Willie Dixon was the undisputed Poet Laureate of post-war Chicago blues music. His undoubted expertise as a wordsmith in all probability stemmed from the truth that, as a teenager rising up in Vicksburg, Mississippi, he heard his mom recite poetry that she had written. But music wasn’t Dixon’s first calling. He loved a number of years as a reasonably profitable heavyweight boxer earlier than he switched careers. His massive break was touchdown a job at Chicago’s Chess label in 1948, the place the mix of his double bass-playing, arranging expertise, expertise scout acumen, and, in fact, songwriting prowess (amongst numerous classics, he penned “Hoochie Coochie Man,” “I Just Want To Make Love To You” and “Back Door Man”), allowed him to rise quickly within the ranks of the corporate’s backroom hierarchy.

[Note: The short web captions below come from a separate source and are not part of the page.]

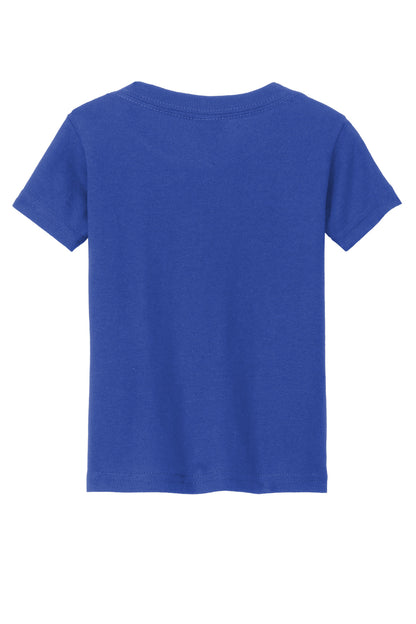 Gildan Heavy Cotton Toddler T-Shirt 5100P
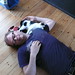 David Lilly Photo 30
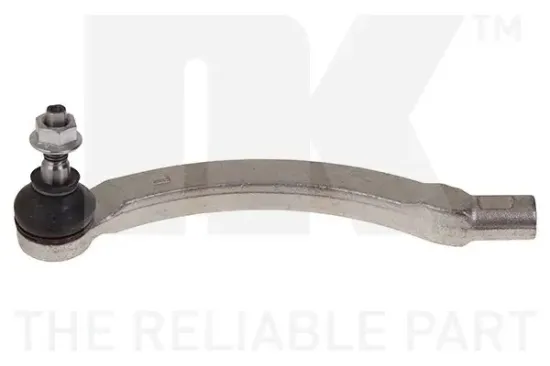 Spurstangenkopf NK 5034832 Bild Spurstangenkopf NK 5034832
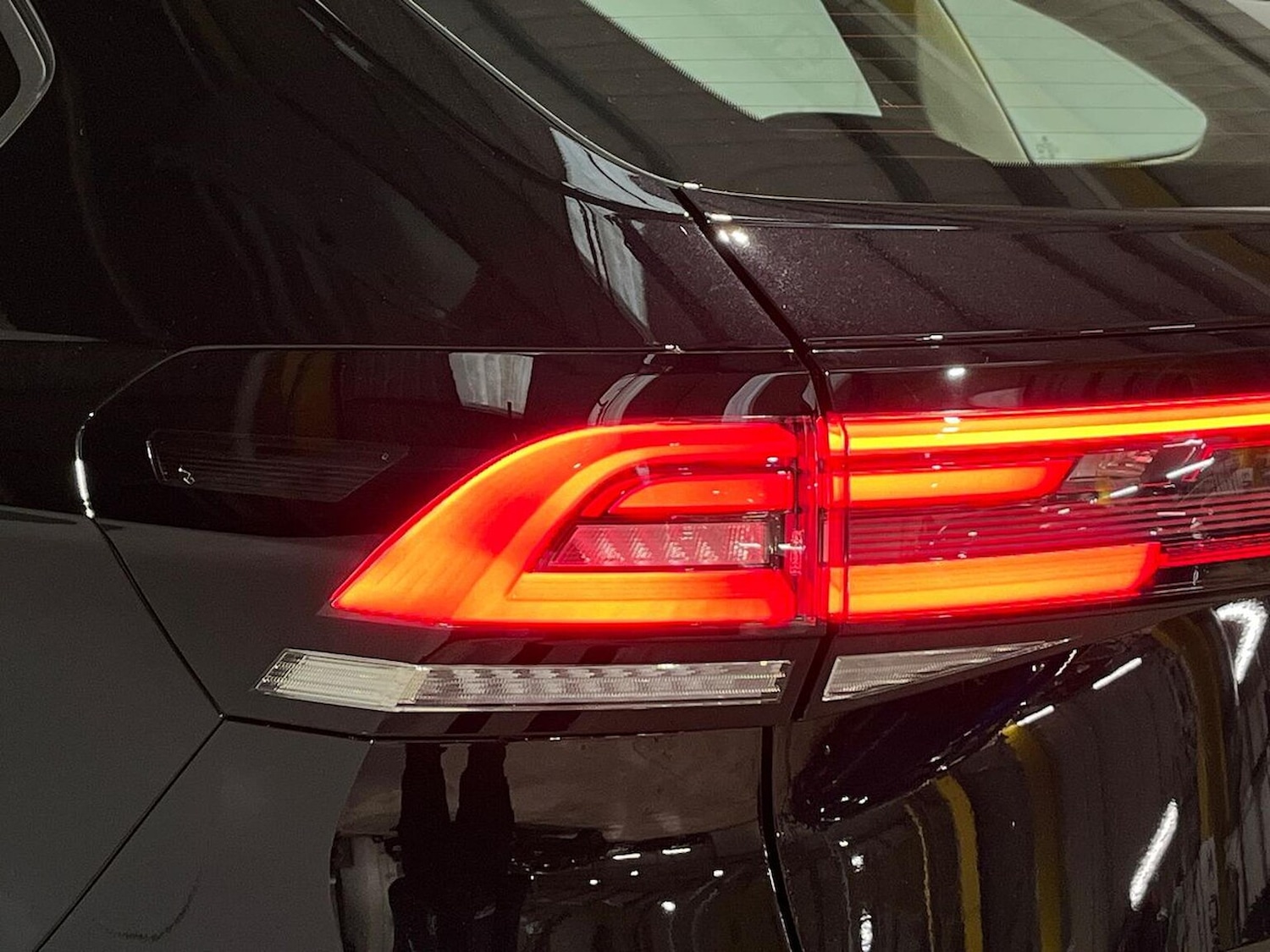 Used Volkswagen Taigo 2026 for sale - 77888584: Photo 36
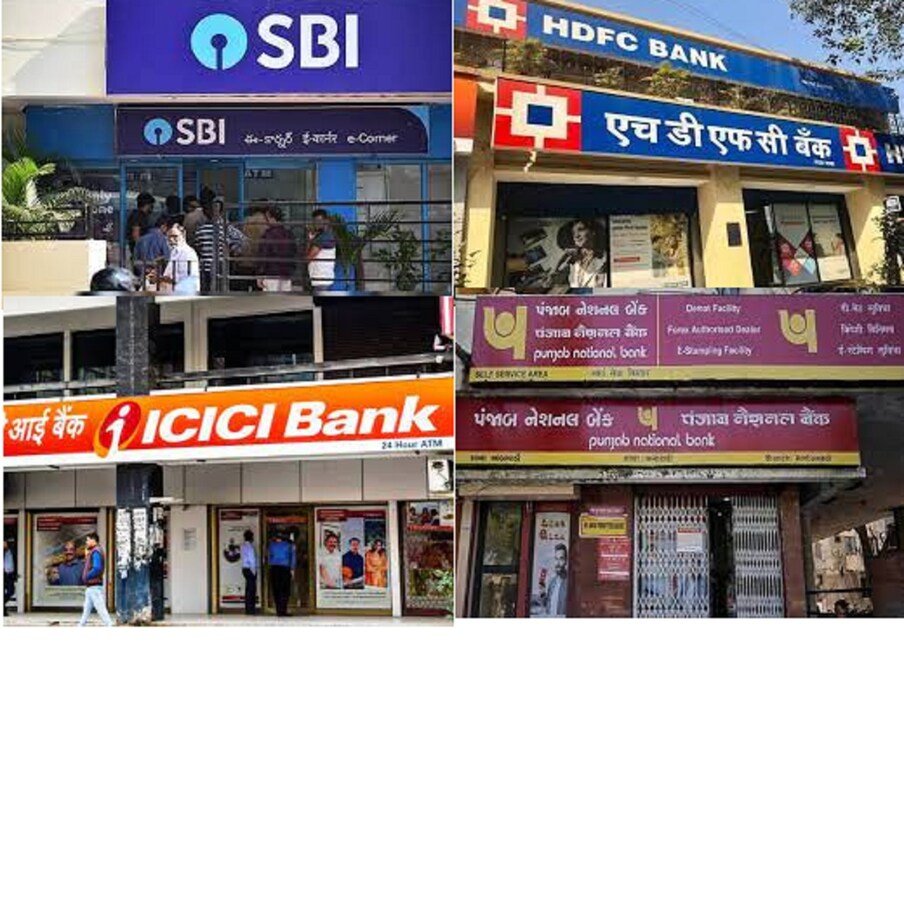  అయితే ఎస్‌బీఐ, ఇండియన్ బ్యాంక్, హెచ్‌డిఎఫ్‌సీ బ్యాంక్, పంజాబ్ సింధ్ బ్యాంక్, ఐడీబీఐ బ్యాంకులు ప్రకటించిన స్పెషల్ ఎఫ్‌డీ స్కీమ్స్ గడువు మార్చి 31తో ముగియనుంది. ఈ నేపథ్యంలో వీటి నుంచి ఎంత రాబడి వస్తుందో తెలుసుకుందాం.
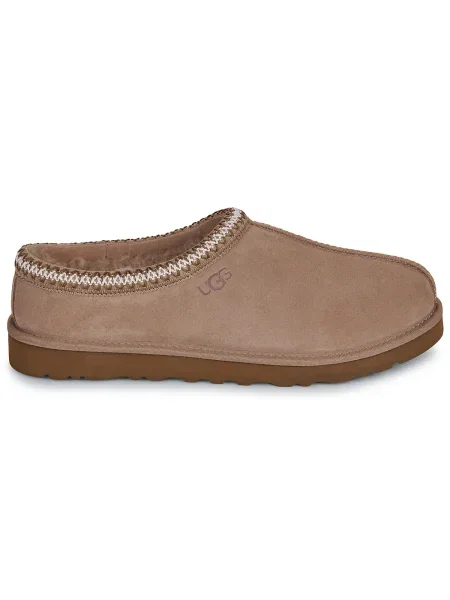 Tenisky Ugg hnedá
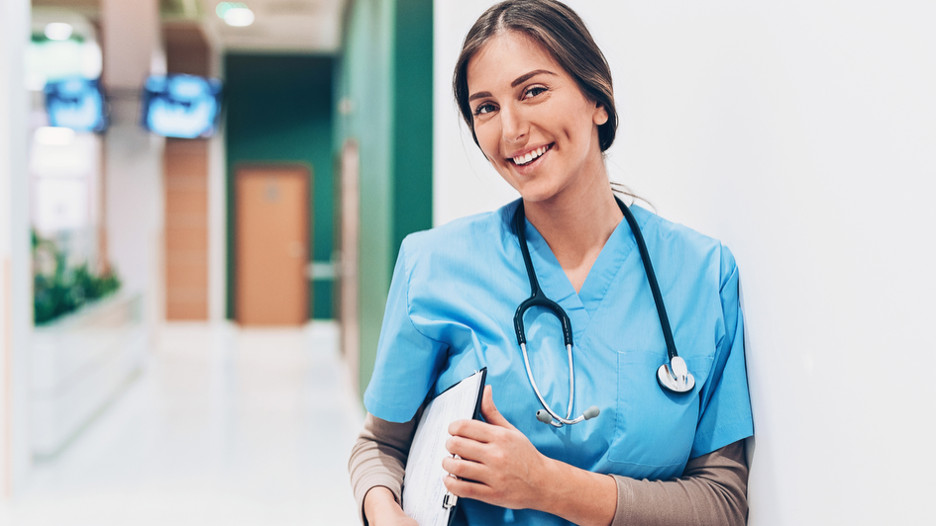 Is Baylor Scott & White Surgical Hospital Fort Worth Right for You?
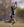 flag-football 07 2026 03 12 rk 01-63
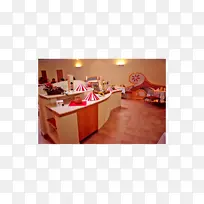 室内设计服务设计-空若网 室内设计服务设计-空若网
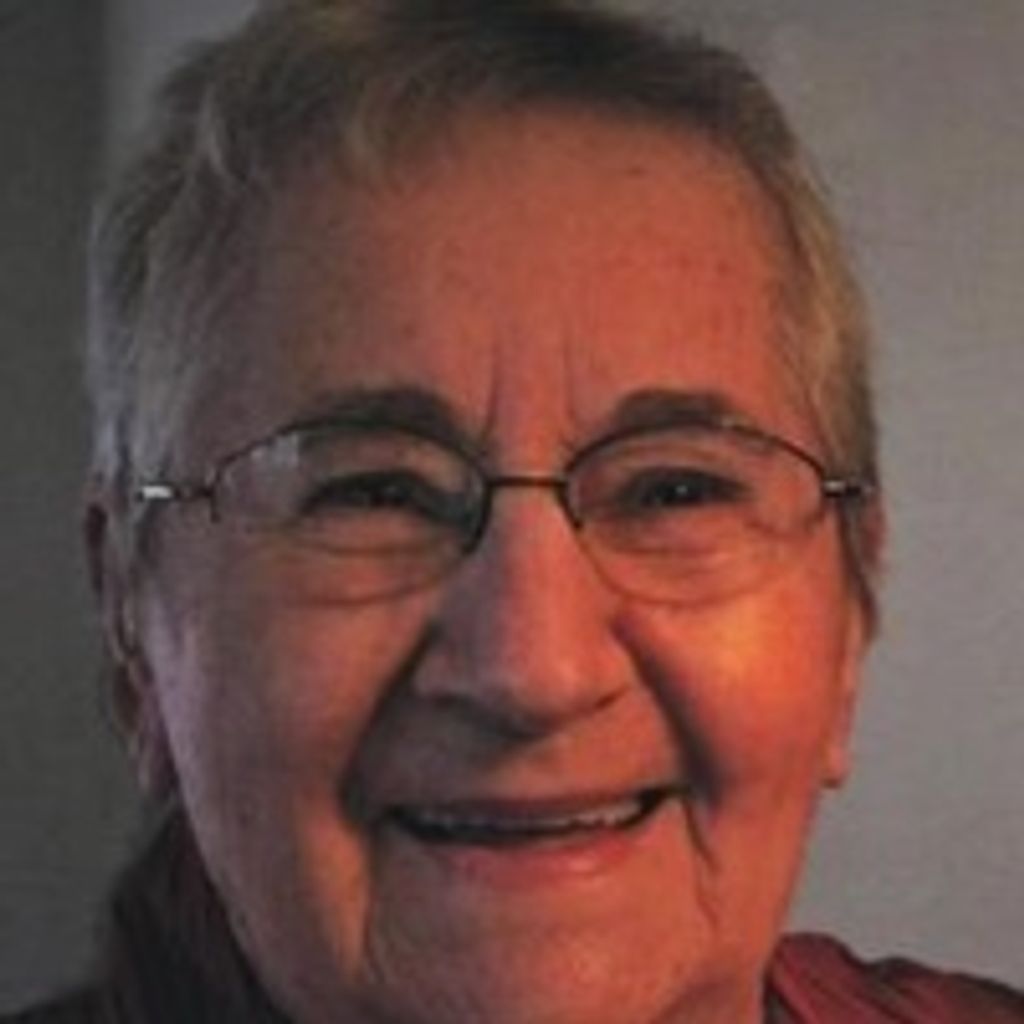 Junice Winkelman
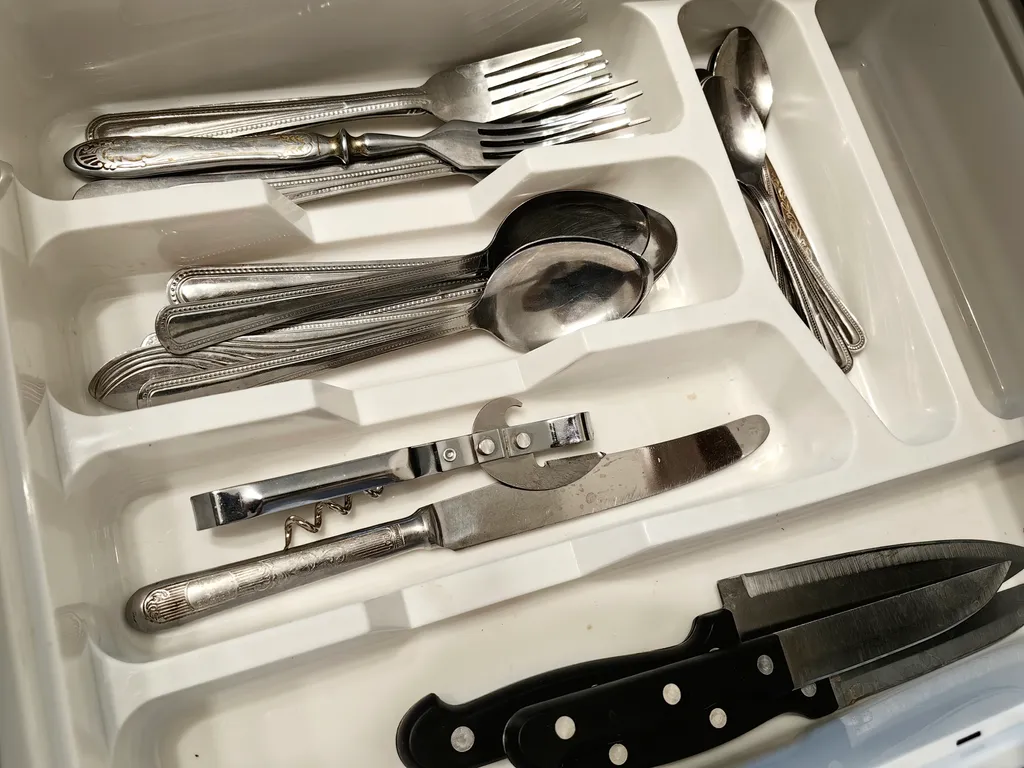 Однушка Цветная Гармония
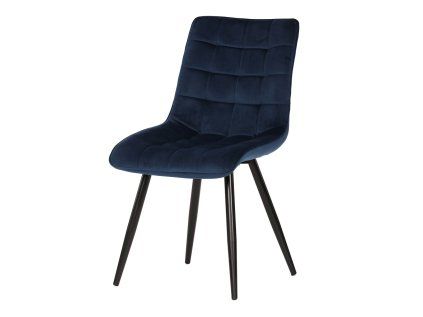 6B8CA3E7C3A7C8A99DF01261D217336B1D0FE7D1 1 pxl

“Hoochie Coochie Man” was first recorded on January 7, 1954, by a Delta blues singer with an enormous, booming voice who was born McKinley Morganfield, in Rolling Fork, Mississippi. He went beneath the stage identify Muddy Waters, and had already seen some chart motion earlier than arriving at Chess in 1950. Waters had racked up 5 Top 10 R&B hits for Chess earlier than Dixon supplied him “Hoochie Coochie Man,” which was initially titled “(I’m Your) Hoochie Coochie Man.” It grew to become Waters’ greatest American hit (No.3 on the R&B charts) and in addition, maybe extra considerably, put Willie Dixon on the map as a songwriter of observe.
Listen to the evolution of “Hoochie Coochie Man” on Spotify.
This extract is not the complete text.